Activity | As you write out the lines from the one containing "ODZNAKA RAJD PRZYJAŹNI WRZEŚNIA 1975" through the last line of the records, keep them exact and leave out pictures.

Crawled caption data |
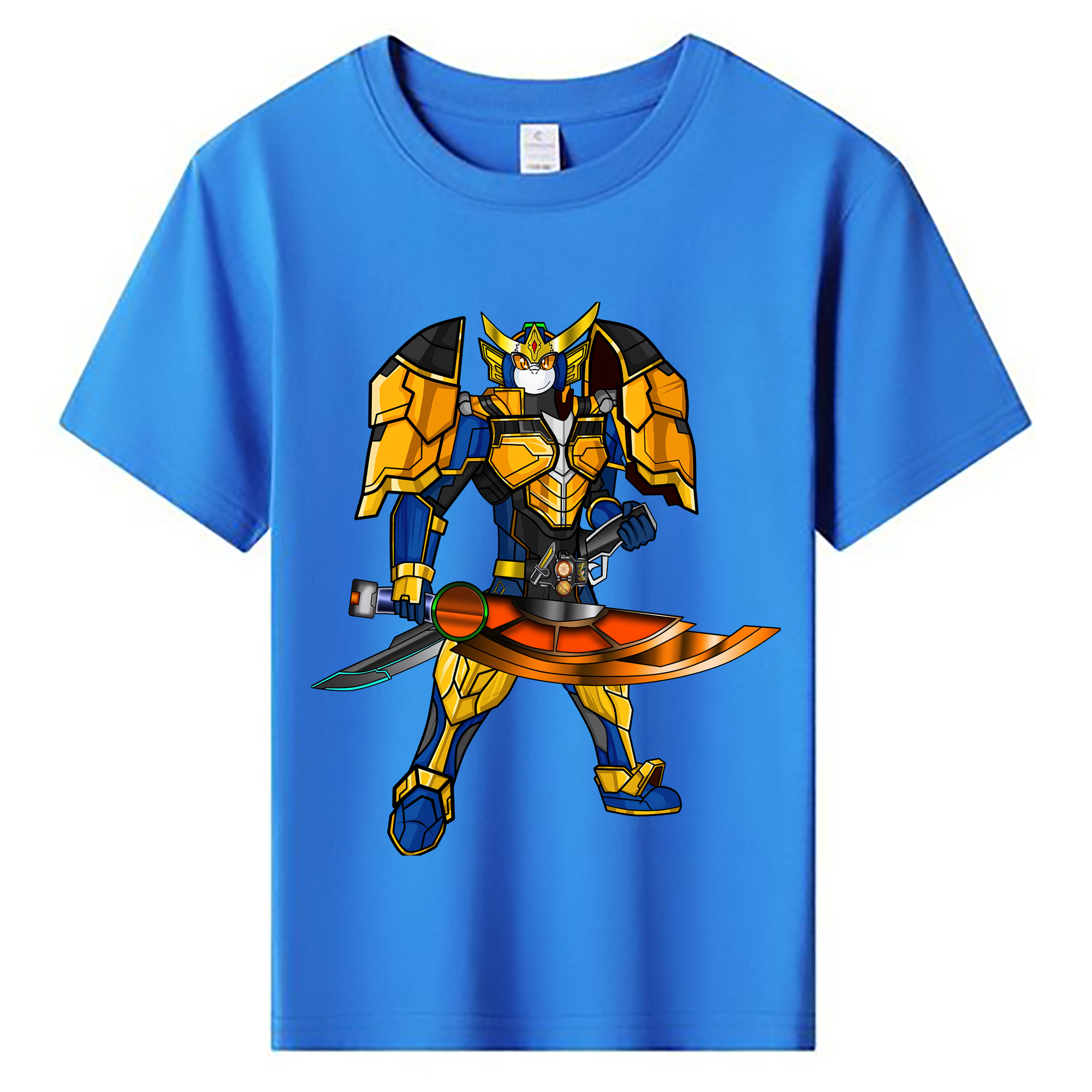（画像用） Digimon デジタルモンスター/デジモン 綿100％キッズTシャツ（フロントプリント）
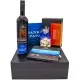 Vatertag blue (großes Mitbringsel Schokolade, Pralinen, Wein, Gewürze & Nougatmandeln) - Feinkost-Set, XXL-Geschenkkorb Gourmet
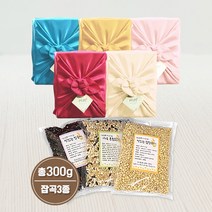 [은색초코]혼합잡곡 3종세트 보자기포장 결혼답례품 돌잔치 조문 회사단체선물 시보해제 생일축하선물, 1박스, 현미+찹쌀보리+혼합잡곡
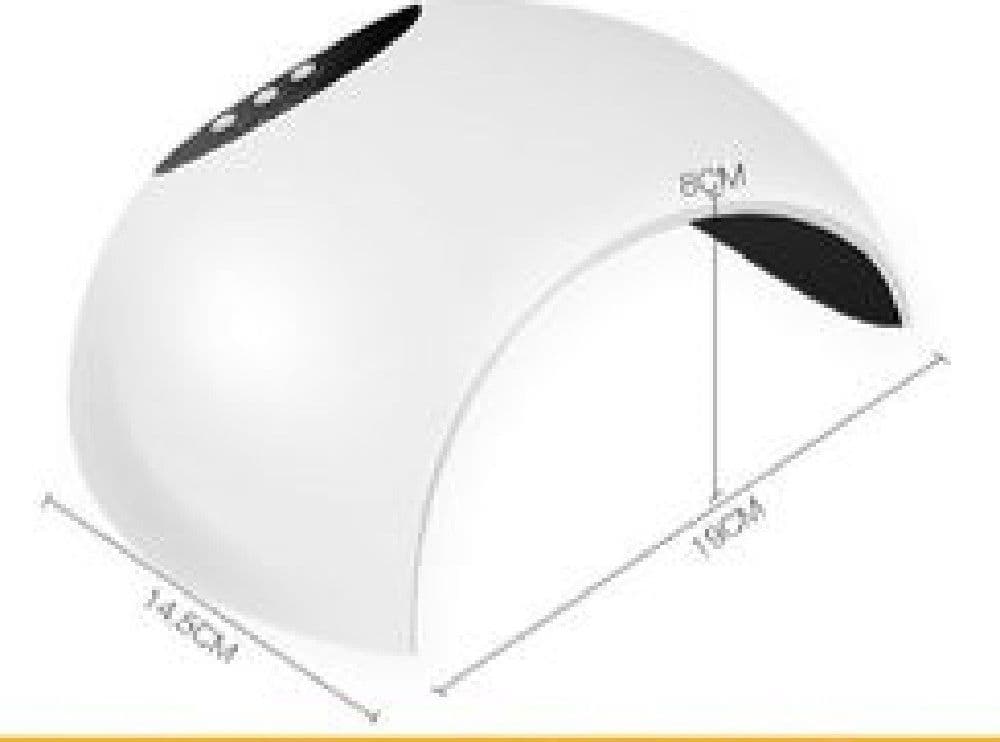 LAMPADA UV LED 48WATT PER UNGHIE FORNETTO PER ASCIUGATURA GEL SMALTO USB TX-9519 - 2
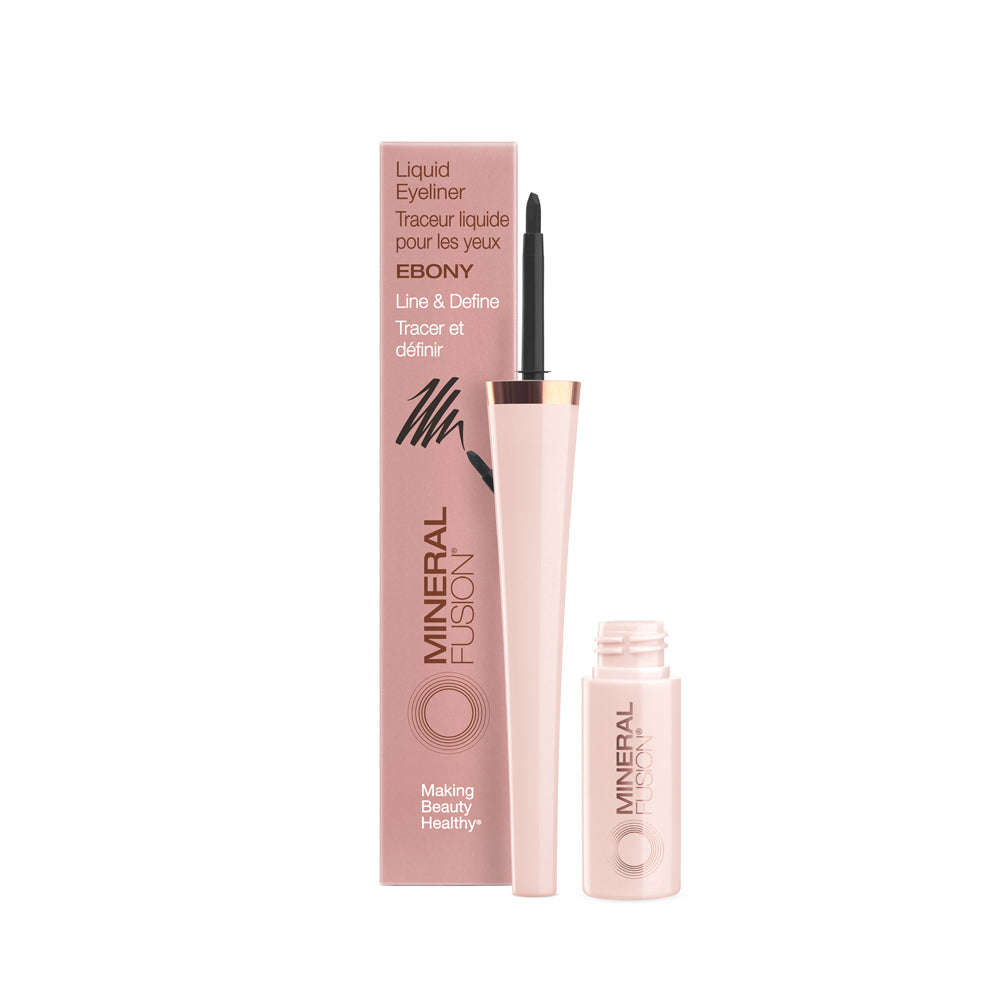 Mineral Fusion - Liquid Eyeliner Ebony, 3 g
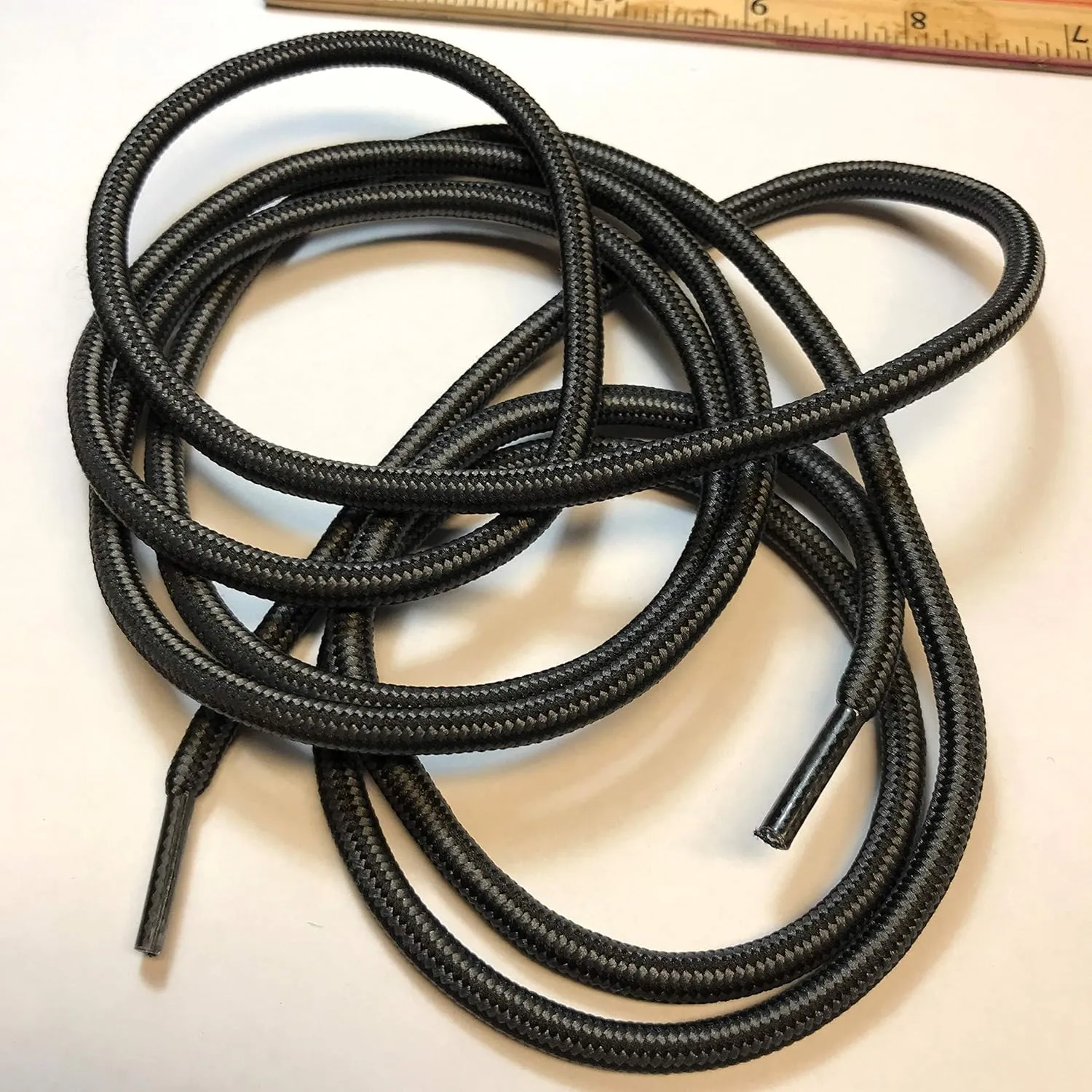 B&Q 3 Pairs Heavy Duty Round Boot Laces Shoelaces for Hiking Walking Construction Safety Work Boots Shoes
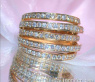 Huge Multi Row Diamond Ring in Yellow gold 18k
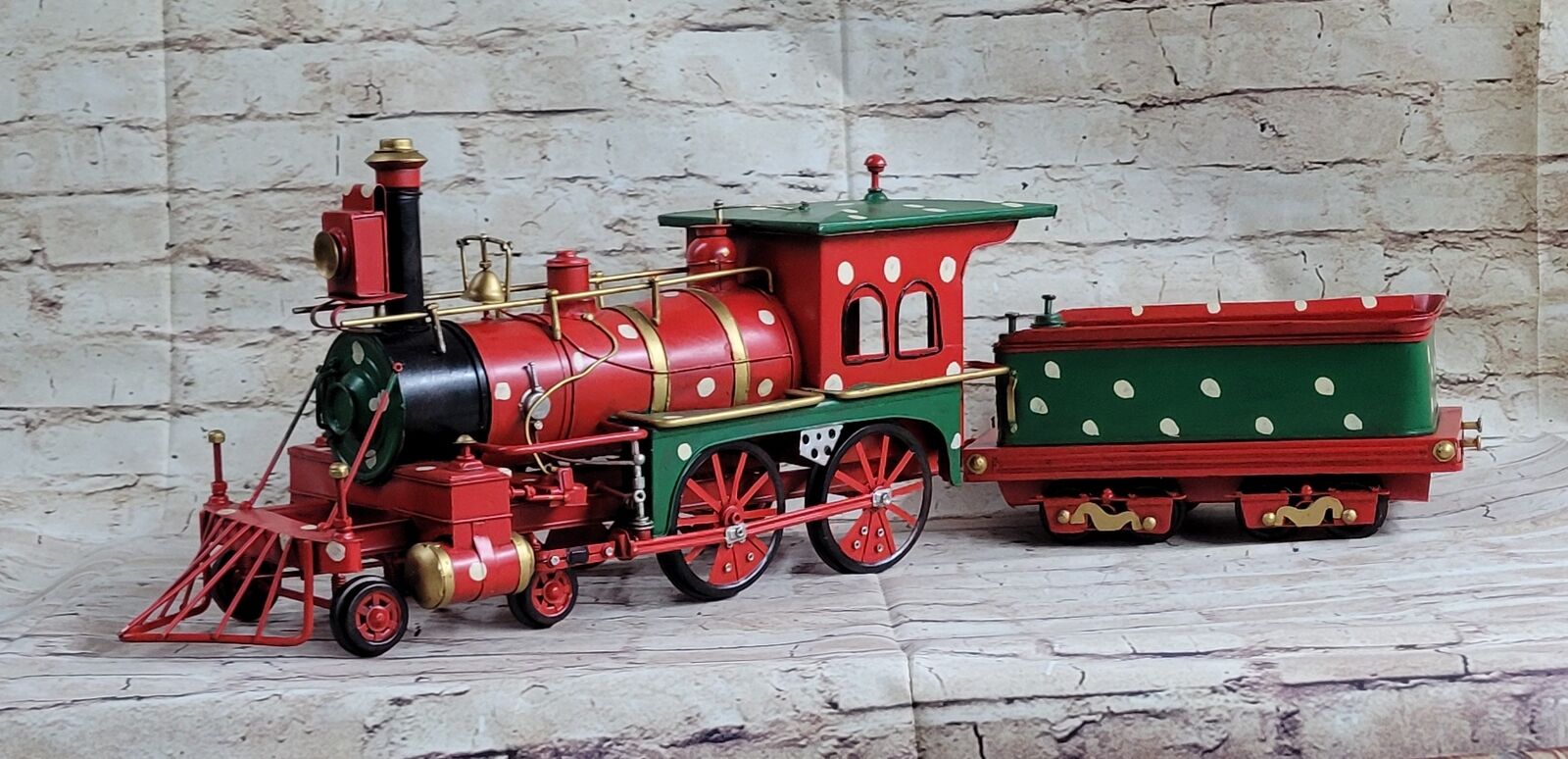 Old vintage toy Locomotive train with carriage Perfect Birthday Gift Decor SALE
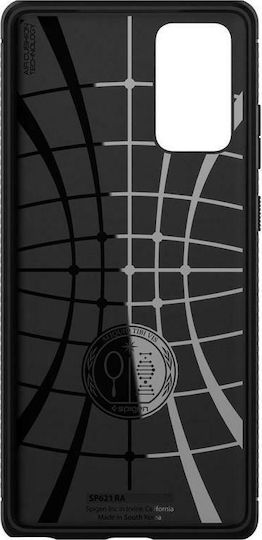 Spigen Rugged Armor Back Cover Σιλικόνης 2mm Μαύρο (Galaxy Note 20)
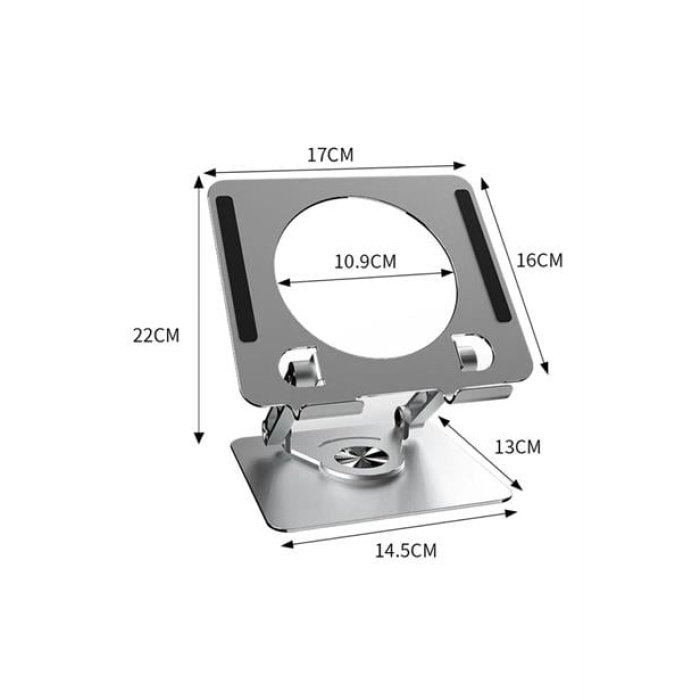 360 Derece Dönebilen Yükseltilmiş Masaüstü Ayarlanabilir  Metal Tablet Standı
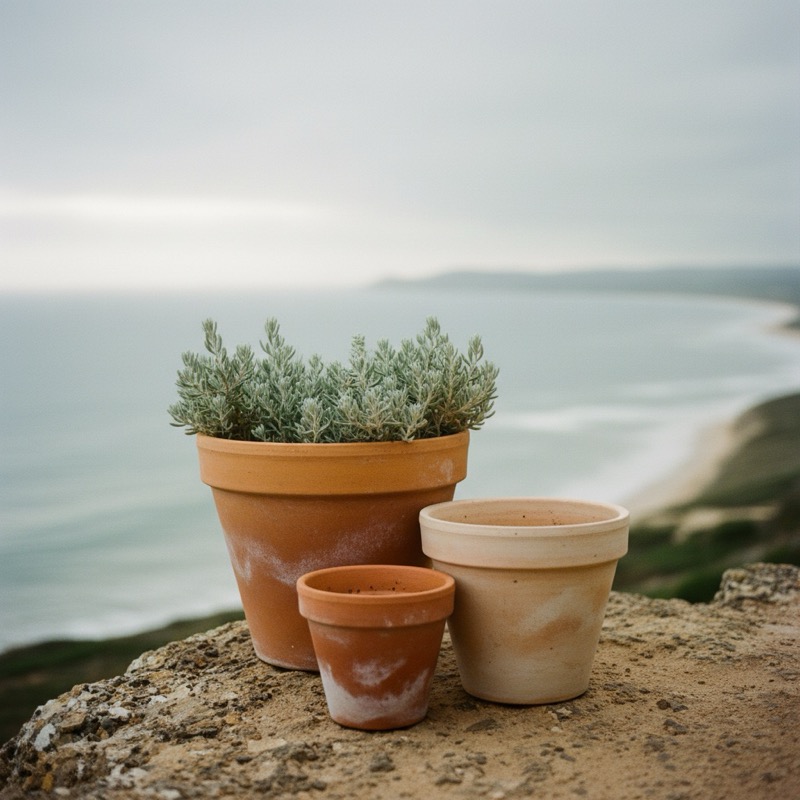 Coastal Clay Pot Set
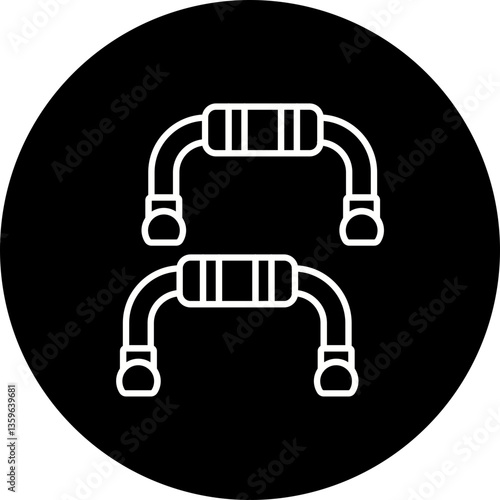 Pushup bars Icon
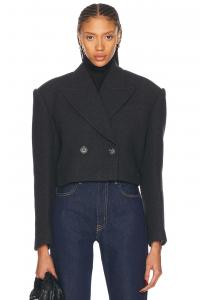 Короткое пальто из коллаборации с Emily Gemma GRLFRND, темно-серый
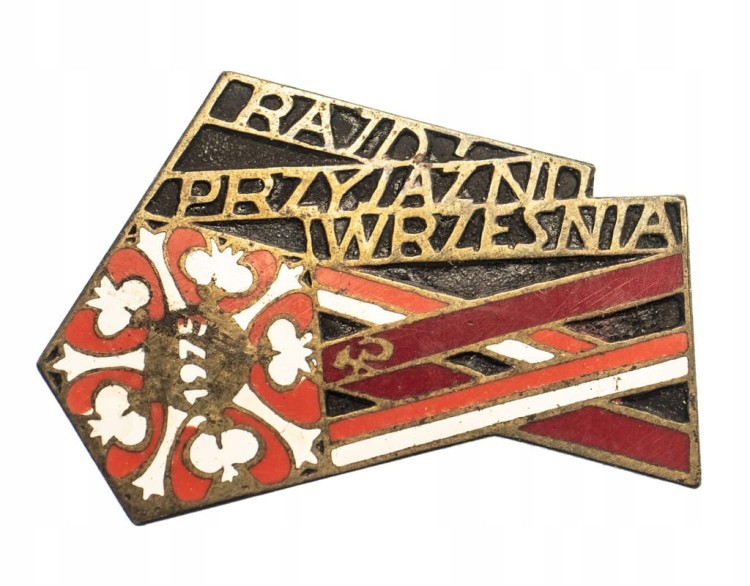 ODZNAKA RAJD PRZYJAŹNI WRZEŚNIA 1975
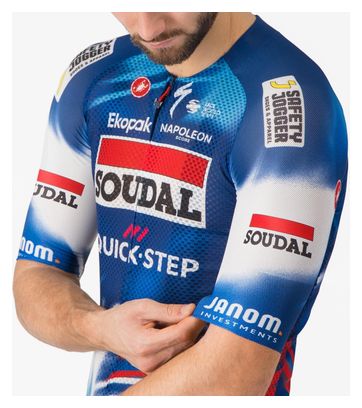 Maillot à Manches Courtes Castelli Climber's A/C Soudal Quick-Step 2025 Bleu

Answer space |
 ODZNAKA RAJD PRZYJAŹNI WRZEŚNIA 1975
 Maillot à Manches Courtes Castelli Climber's A/C Soudal Quick-Step 2025 Bleu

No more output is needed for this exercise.